PROMPT ▸ What you return must be the exact lines of the material below, from the first through the one that has "Mi Amore Infinity", with no pictures and, please, nothing else.

GIVEN INFORMATION ▸
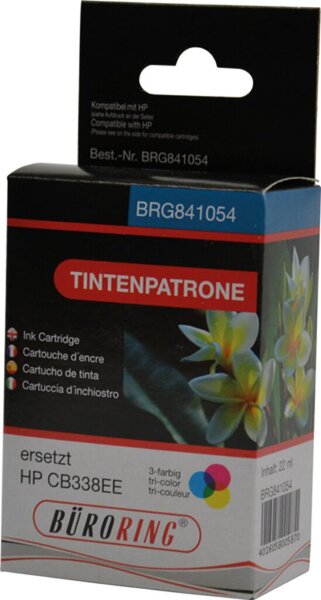 Tintenpatrone, ersetzt HP CB338EE, 3-farbig, ca. 580 Seiten, C/M/Y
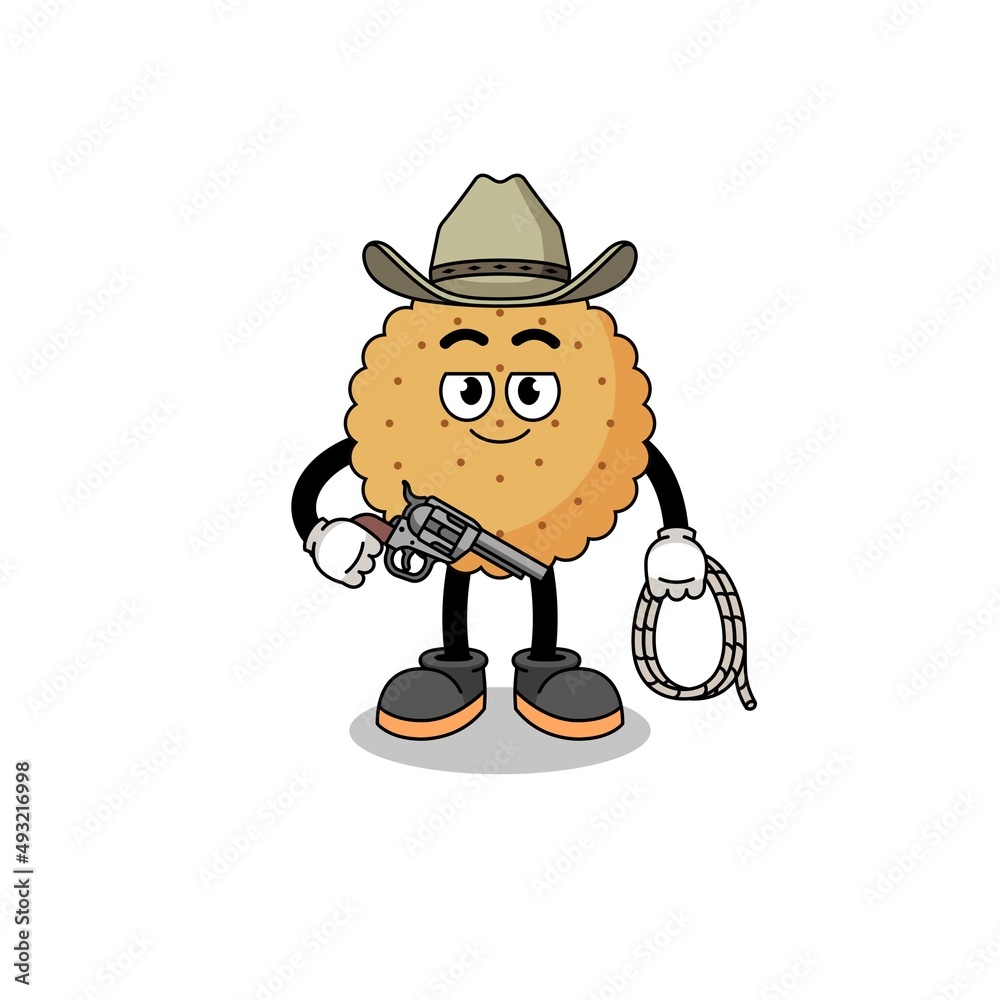 Character mascot of biscuit round as a cowboy Character mascot of biscuit round as a cowboy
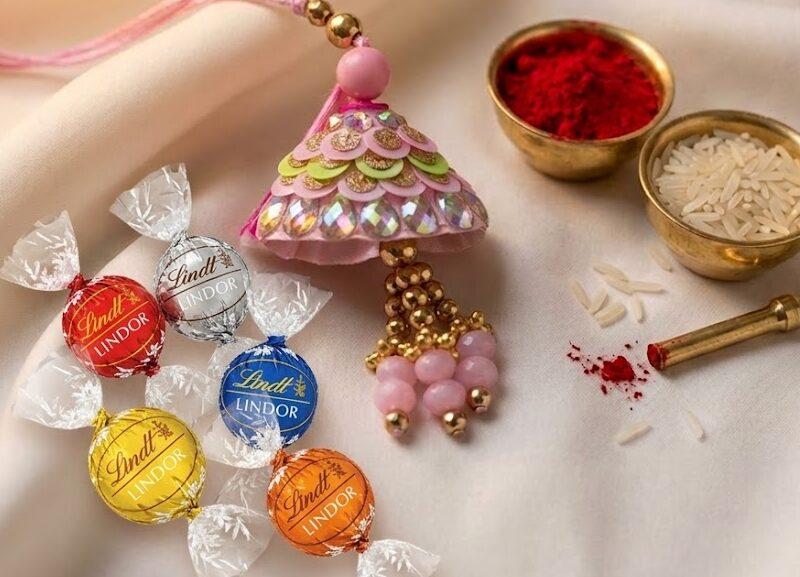 Premium pink Lumba Rakhi for Bhabhi with Elegant Hanging Design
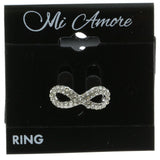 Mi Amore Infinity symbol Sized-Ring Silver-Tone/White Size 8.00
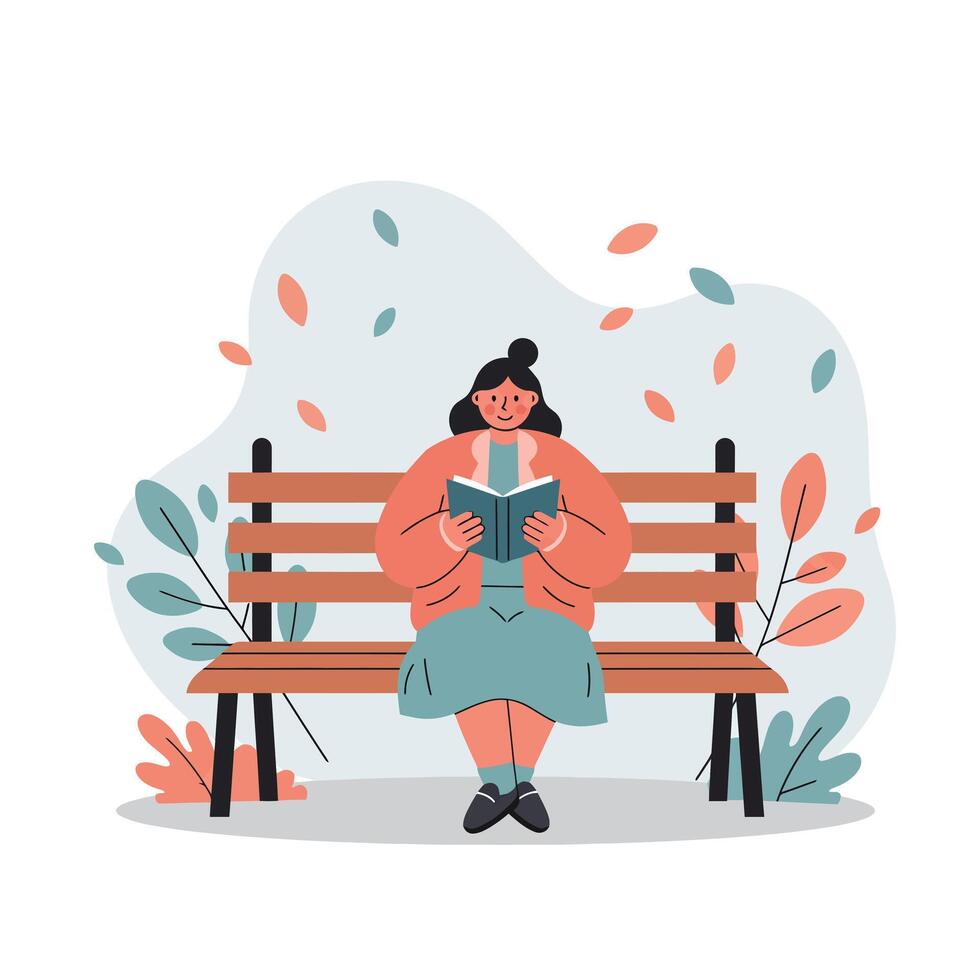 Woman reading book on park bench surrounded by autumn leaves and plants in calm outdoor setting vector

THE COMPLETED TASK ▸
 Tintenpatrone, ersetzt HP CB338EE, 3-farbig, ca. 580 Seiten, C/M/Y
 Character mascot of biscuit round as a cowboy Character mascot of biscuit round as a cowboy
 Premium pink Lumba Rakhi for Bhabhi with Elegant Hanging Design
 Mi Amore Infinity symbol Sized-Ring Silver-Tone/White Size 8.00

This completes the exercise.